Demek oluyor ki sorun, kapitalizmle demokrasinin, en demokratik cumhuriyetle rüşvetin ve yolsuzluğun ne denli bağdaşacağı sorunudur. Buna, Engels’in verdiği cevap açık; en demokratik cumhuriyette sermaye, hâkimiyetini dolaylı bir biçimde gerçekleştirir. Dolaylı da olsa sermayenin hâkimiyeti, rüşvet ve yolsuzluk olmaksızın gerçekleşmez.
Lenin, sermayenin hâkimiyetinin gerçekleşmesi için iki ekonomik aracın zorunlu olduğuna işaret eder; 1- dolaysız rüşvet ve 2- hükümet ve borsanın ittifakı.
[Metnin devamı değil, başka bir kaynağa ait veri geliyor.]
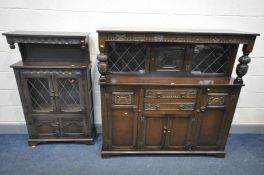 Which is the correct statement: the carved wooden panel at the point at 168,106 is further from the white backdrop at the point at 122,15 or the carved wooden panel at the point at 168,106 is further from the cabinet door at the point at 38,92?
the cabinet door at the point at 38,92

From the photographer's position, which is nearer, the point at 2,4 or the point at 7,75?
the point at 2,4

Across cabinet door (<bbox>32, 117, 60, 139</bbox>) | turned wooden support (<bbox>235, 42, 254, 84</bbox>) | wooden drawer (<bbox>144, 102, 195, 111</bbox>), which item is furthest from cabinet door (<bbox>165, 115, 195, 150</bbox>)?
cabinet door (<bbox>32, 117, 60, 139</bbox>)

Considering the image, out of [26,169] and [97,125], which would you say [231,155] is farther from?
[26,169]

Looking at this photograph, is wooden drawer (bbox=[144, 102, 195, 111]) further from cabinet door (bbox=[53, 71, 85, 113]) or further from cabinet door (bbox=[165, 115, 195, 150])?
cabinet door (bbox=[53, 71, 85, 113])

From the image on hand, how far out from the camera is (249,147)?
2527 millimetres

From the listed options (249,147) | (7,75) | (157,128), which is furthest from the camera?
(249,147)

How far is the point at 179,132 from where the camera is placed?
2164 mm

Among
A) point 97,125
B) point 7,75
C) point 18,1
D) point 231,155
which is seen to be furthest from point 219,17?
point 7,75

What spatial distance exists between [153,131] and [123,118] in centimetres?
40

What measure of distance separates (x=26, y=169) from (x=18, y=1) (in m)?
1.90

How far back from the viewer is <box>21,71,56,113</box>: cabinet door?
81.4 inches

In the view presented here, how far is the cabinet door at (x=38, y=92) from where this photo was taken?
2066mm

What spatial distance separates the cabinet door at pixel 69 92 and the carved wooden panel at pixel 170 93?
0.82 meters

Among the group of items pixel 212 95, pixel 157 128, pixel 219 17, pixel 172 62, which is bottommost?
pixel 157 128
“Meta üretiminin, burjuvazinin ve paranın hâkimiyeti koşulunda rüşvet (dolaysız ve borsa vasıtasıyla) her hükümet biçiminde, her demokraside “gerçekleşir” (“Marksizm Üzerine Bir Karikatür”, C. 23, s. 39).
Bu anlayışlardan çıkartılması gereken sonuç şudur: mevcut hükümetin yolsuzluklara, hortumlamaya, resmi ve resmi olmayan hırsızlığa karşı mücadelesi, yolsuzluğun ve rüşvetin maddi nedenini ortadan kaldıramaz. Bu mücadele, en fazlasıyla, yapılan yolsuzluğu belli ölçülerde tutamaya yönelik olabilir. Gelir dağılımının oldukça dengesiz olduğu, birkaç bin ailenin ulusal gelirin çok önemli bir bölümüne el koyduğu bir ülkede; yolsuzluğun, hırsızlığın, soygunun kurumlaşmış olduğu bir ülkede; bakanın, milletvekilinin, her derecede memurun, polisin kayırma ve rüşvetle iç içe olduğu bir ülkede; devletin, kendini soyanları koruduğu bir ülkede; devlet yönetimiyle sermayenin, hükümetle borsanın iç içe geçtiği bir ülkede yolsuzluklara karşı mücadele, sistemi kurtarma çabasından öteye geçemez.
Bugün özellikle bankacılık sektöründe yaygınlaşan yolsuzluk hikâyeleri hiç de yeni değildir. Yapılan soygun yıllardan beri biliniyordu ve devlet, bu soygunu ve kendini soyanları koruyordu. Türkiye’ye de özgü olmayan bu olay, kapitalizmin genel krizi koşullarında yapısal-sistemsel çürümüşlüğün varmış olduğu boyutun da açık ifadesidir. Güçlü bir rantçı kesim, kupon alıp satmakla “geçinen” bu kesim, Türkiye’de de kapitalizmin ne denli çürümüş olduğunun doğrudan bir göstergesidir. Yıllardır ulusal gelirin çok önemli bir kısmını iç eden, resmen çalan bu kesim, reel ekonominin kaynaklarını da kurutmakta ve dolayısıyla; reel ekonominin kaynaklarını sınırlamasıyla dış ekonomik ilişkiler de olumsuz etkilenmekte. Bu da yabancı sermayenin çıkarlarına ters düşmekte. IMF’nin, Dünya Bankası’nın, hükümetin arkasında olmasının nedenlerinden birisi de budur. Kendi çıkarlarına uygun düşen bir Türk ekonomisi yabancı sermayenin baş talebidir. Böyle bir ekonomi, yolsuzluğun boyutlarının sınırlandırılmasından ve halkın güveninin yeniden kazanılmasından geçmektedir. IMF, Dünya Bankası ve hükümet işin farkındalar. Bilinenin üzerine gidiyorlar ve büyük bir dirençle karşılaşıyorlar. Karşılaşıyorlar, çünkü Türkiye’de kayıt dışı ekonomi yüzde 40 oranlarında. OECD ülkeleri içinde Türkiye, kayıt dışı ekonominin en yüksek oranda olduğu ülke.
Türkiye’de yolsuzluğa karşı mücadele, ekonominin yüzde 40’ına karşı mücadele demektir. Kayıt dışılık, yolsuzluğu göstergesidir. Hiçbir güç, hiçbir hükümet ekonominin yüzde 40’ına karşı mücadele edemez. Böyle bir mücadele için milyonların desteği gereklidir. Türkiye’de hiçbir hükümet, yolsuzluğa karşı mücadelede milyonların desteğini alamaz. Çünkü düzene güven kalmamıştır. Ancak ve ancak mevcut üretim/mülkiyet ilişkilerinin; mülk farkının ortadan kaldırılmasıyla; devrimle yolsuzluğun kökü kazınır.
Yolsuzluğa karşı hükümetin mücadelesi desteklenemez, ama o teşhir edilerek daha kapsamlı mücadeleye zorlanmalıdır.